*About this task*. Find "18 849 р. Фаркоп", then copy its line and every later line of the entries exactly through the end, leaving all pictures out.
= = = = = = =
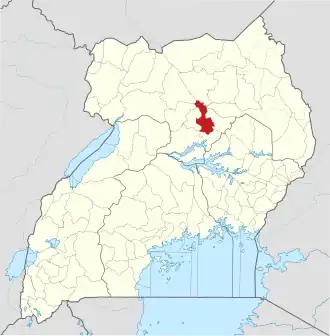 Lira (district)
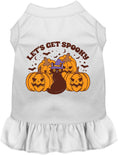 Load image into Gallery viewer, Get Spooky Halloween Pet Dress
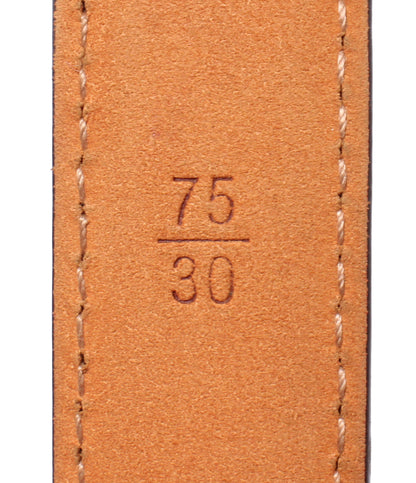 LOUIS VUITTON ベルト サンチュール LV カット 20 モノグラム M9274W レディース ルイ・ヴィトン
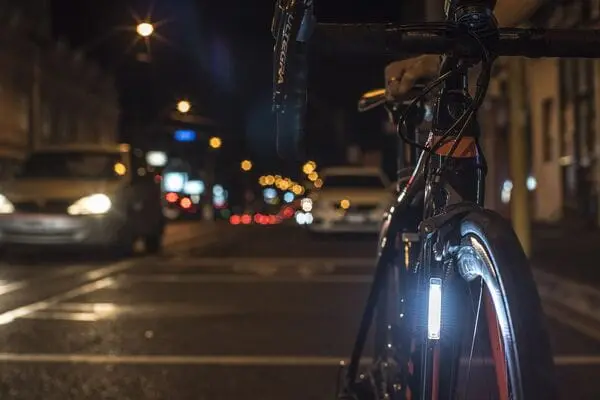 Knog Plus Light Twinpack - Black - Image 2
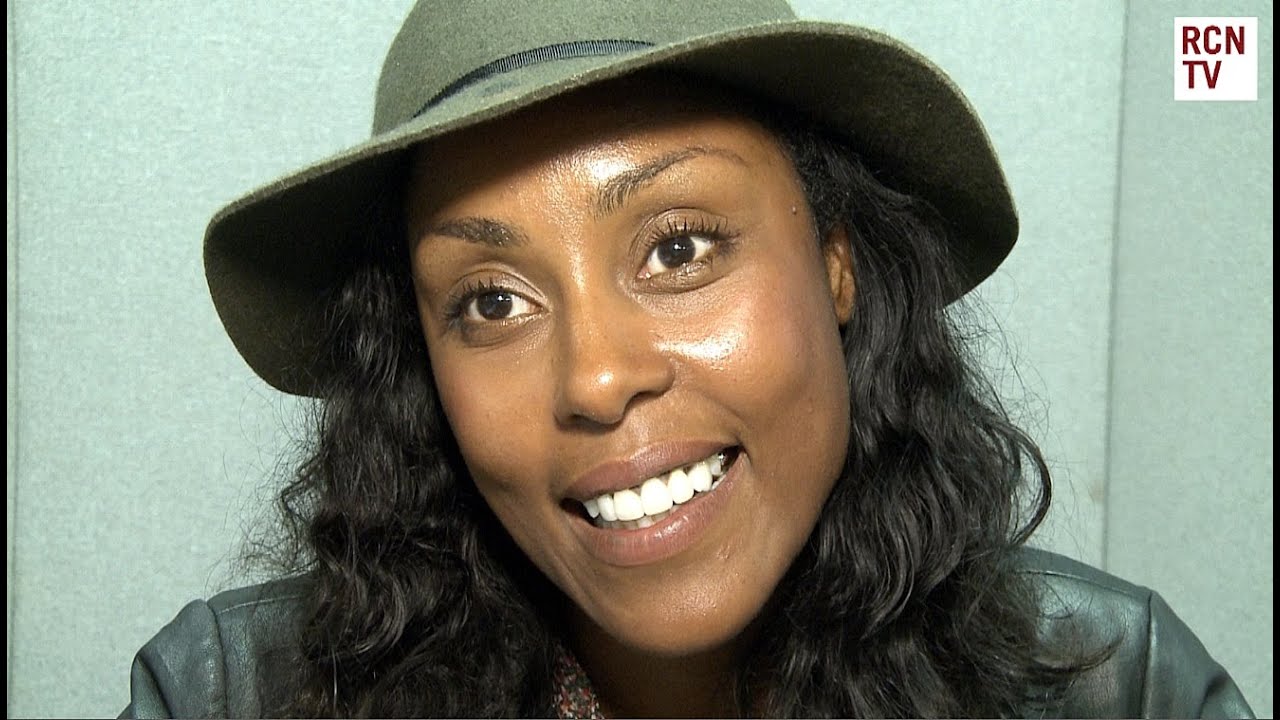 Christine Adams Interview - Agents of SHIELD, Terra Nova & Doctor Who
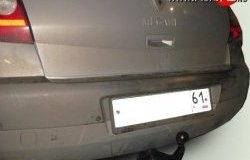 18 849 р. Фаркоп Лидер Плюс  Renault Megane ( седан,  универсал) (2002-2009) (Без электропакета). Увеличить фотографию 1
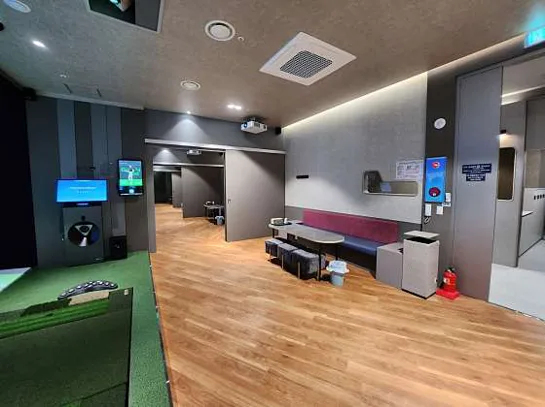 골프존파크 중방 스타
= = = = = = =
*Solved problem*.
 18 849 р. Фаркоп Лидер Плюс  Renault Megane ( седан,  универсал) (2002-2009) (Без электропакета). Увеличить фотографию 1
 골프존파크 중방 스타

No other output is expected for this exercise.